Maria Hinze is a German visual artist with the main focus in painting and drawing. Born in Germany, she studied in Vienna at the Academy of Fine Arts under Walter Obholzer, in Leipzig at the Academy of Fine Arts in the class of Neo Rauch and Astrid Klein and in Düsseldorf in the class of Tal R. She has produced multimedia works and exhibited together with the light technicians Hans Leser (HAU) and Martin Schwemin (Rimini Protokoll) at Souterrain-Berlin, with filmmaker Johann Lurf and painter Florian Schmidt and other artists in the Pinacoteca Vienna.
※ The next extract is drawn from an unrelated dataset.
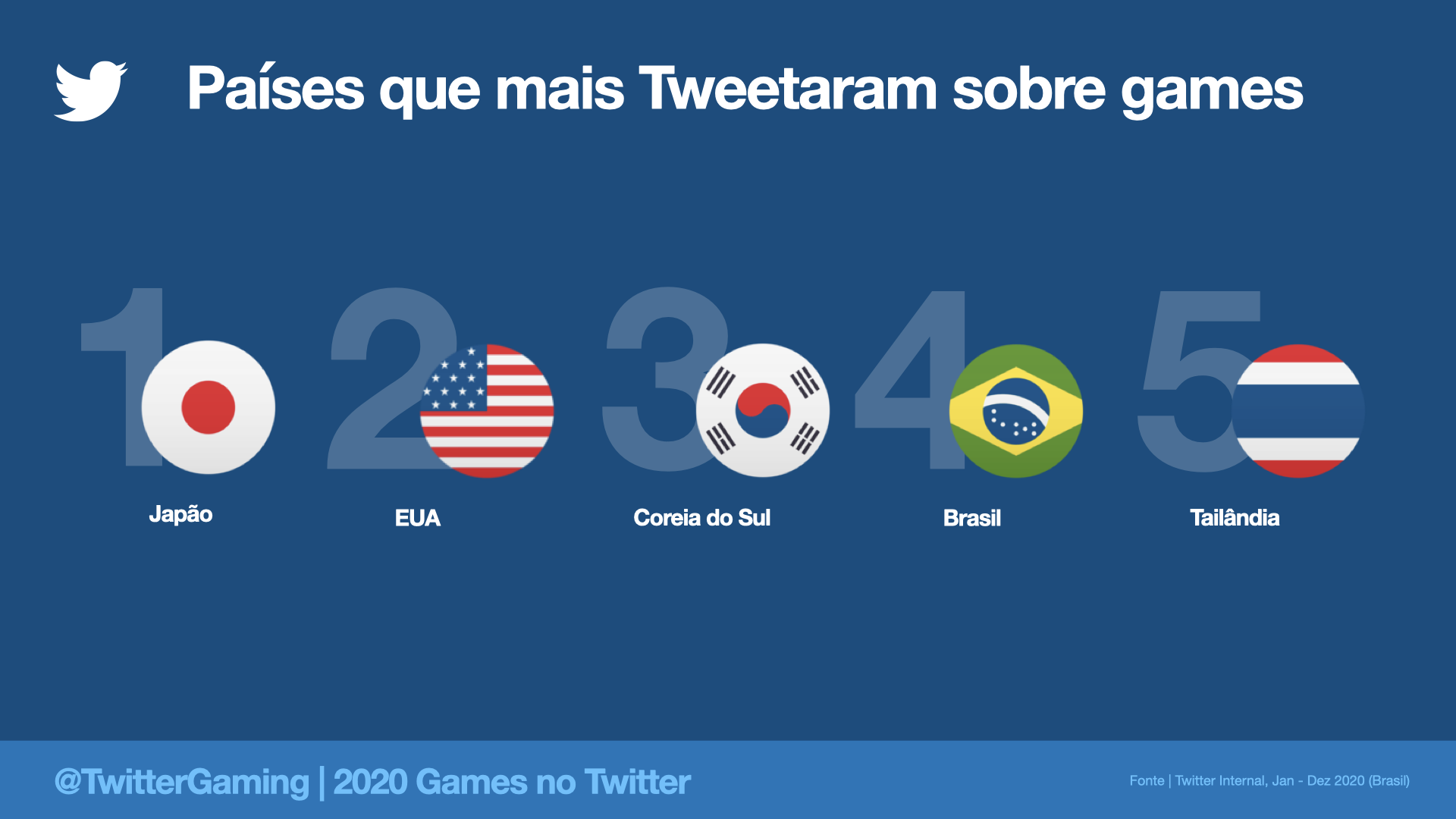 Twitter registra mais de 2 bilhões de Tweets sobre games em 2020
She has worked on interdisciplinary projects with Raymond Pettibon (for the art book "Dem neuen Himmel eine neue Erde"), Simon Faithfull, Taka Kagitomi and Camilla Richter and musicians such as Etkin Cekin (Istanbul), Mike Moya (Montreal) and M. Rux (Berlin).

Life and career 
Hinze's artistic approach touches on contemporary and historical discourses about art and architecture, which she transfers into new formats, such as at the Archiv Massiv in Leipzig, at Acud Macht Neu and Plattenpalast in Berlin, the BMW branch at Alte Messe in Leipzig or at Haus Blumenthal, Händelallee 67 in Berlin's Hansaviertel district.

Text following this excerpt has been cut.